Soooo, I had a mixed response to yesterdays Negative Nancy rant. It seems the green I see, is certainly different to the green you see... and I love that! The ability to see something from another perspective is awesome. For the most part, I try to do that in my general life - the old sayings 'until you've walked a mile in someone else's shoes' or 'try to put yourself in their shoes' - not sure why they are all based on shoes (I get why... did that concept exist before we all became shoe toting freaks?)
Some said I was warranted in the way I felt... Some thought I was a little selfish (granted... I certainly possess a little selfishness - and I think a little selfishness is a good thing)... Some thought I should give Nanc another go... and one thought it was a reflection on myself.
This last one made me think... It came from an anonymous so I have no idea who you are, but you did make me think. I'm more than familiar with the concept that the things we don't like in others is simply a reflection of a quality we ourselves posess. In fact, I'm well versed in this idea and spoke about it here. Like I've said to the point of exhaustion before, life is all about perspective. And I thought to myself, why am I seeing this negativity - and more importantly why is it hitting a nerve now. Perhaps she was always like this and I've only recently started to see it. Well, that's probably quite true.
As you know, I've had a tough time lately. I've been feeling isolated, I lost one of the most important people in my life and I miss my family and life in a busier town - be it Byron or Melbourne. So, perhaps I am, myself, a bit of a Negative Nancy at the mome. In fact, if I delve even deeper...
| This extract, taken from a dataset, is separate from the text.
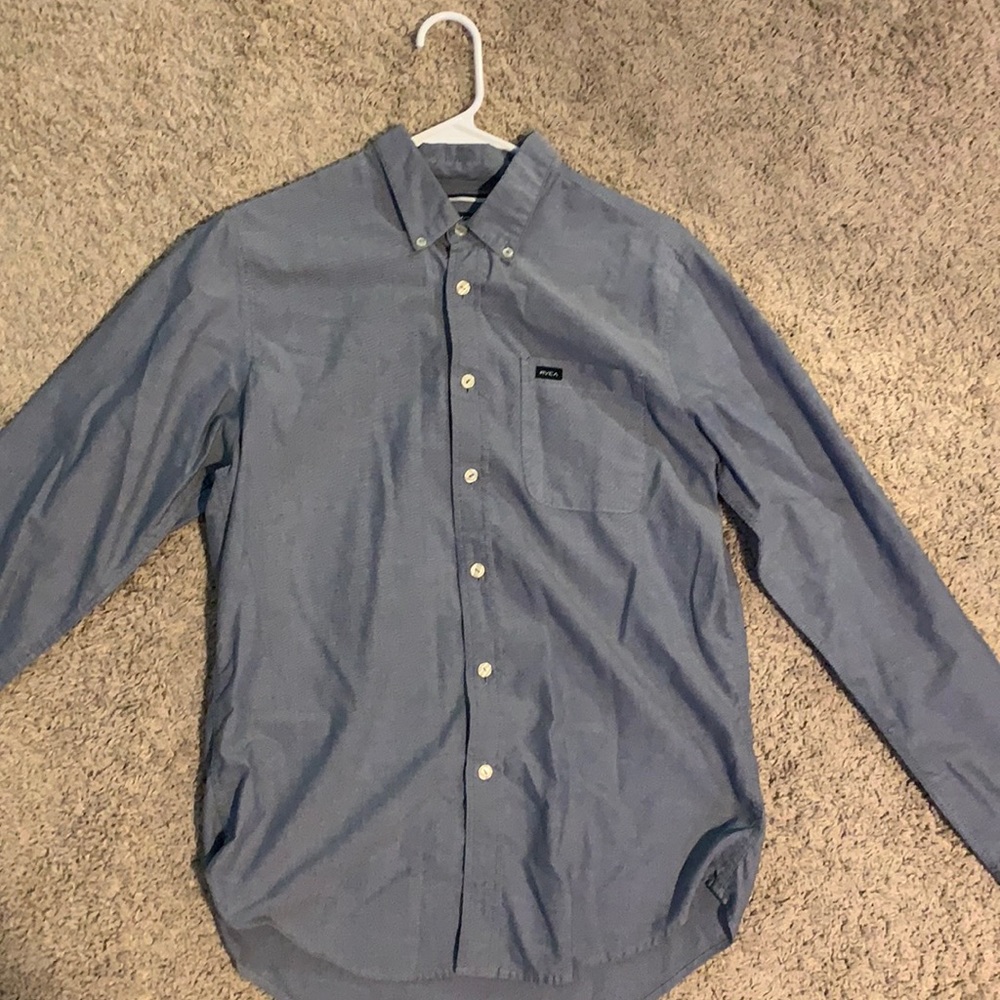 Men’s Casual small button down shirt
Yesterday, the blog I started writing wasn't the blog I ended up with. It was based around perspective... My perspective of Nambucca. The basis was this:
I'd been seeing the 'Buccs in totally the wrong light. I'd been focused on the negative aspects, instead of the positive. From the 'monetary value' not the 'lifestyle advantages' angle. Here I was seeing a backwards town... where the best view in town was from the Woolies car park... where there is a big problem with alcohol abuse but another bottle-o approved by council (that will make 5 in a town of around 10,000). What I wasn't seeing was the potential I used to see.
The pristine beaches, the rainforest, the climate, the seclusion, the small town feel... the cheap as chips real estate. Sporting a tan in winter, being able to afford to live the good life thanks to a smaller than average mortgage but a nicer than average backyard. The things that make where I live an absolute undiscovered gold mine...
But it needs to be more than that. I can't spend the next 5-10 years waiting for the boom, I've got enjoy where I live (love where I live) whether a boom happens, or doesn't... and that's what I'm working on now. I didn't move here to make a quick buck, I moved here because I fell in love. So, it was that blog (which I ended up going down a completely different track from) that led me to the Nanc post. A definite side track!
Looks like I've got some shit to work on... but a big thanks for those who helped me put things into perspective (could that be taking over from kick arse or muthafucka as my number one overused word?)
That's the greatest thing about living... every second you are on this earth you are constantly learning... and for me, well I'm well on the quest to becoming a better person - thanks to everyone in my life.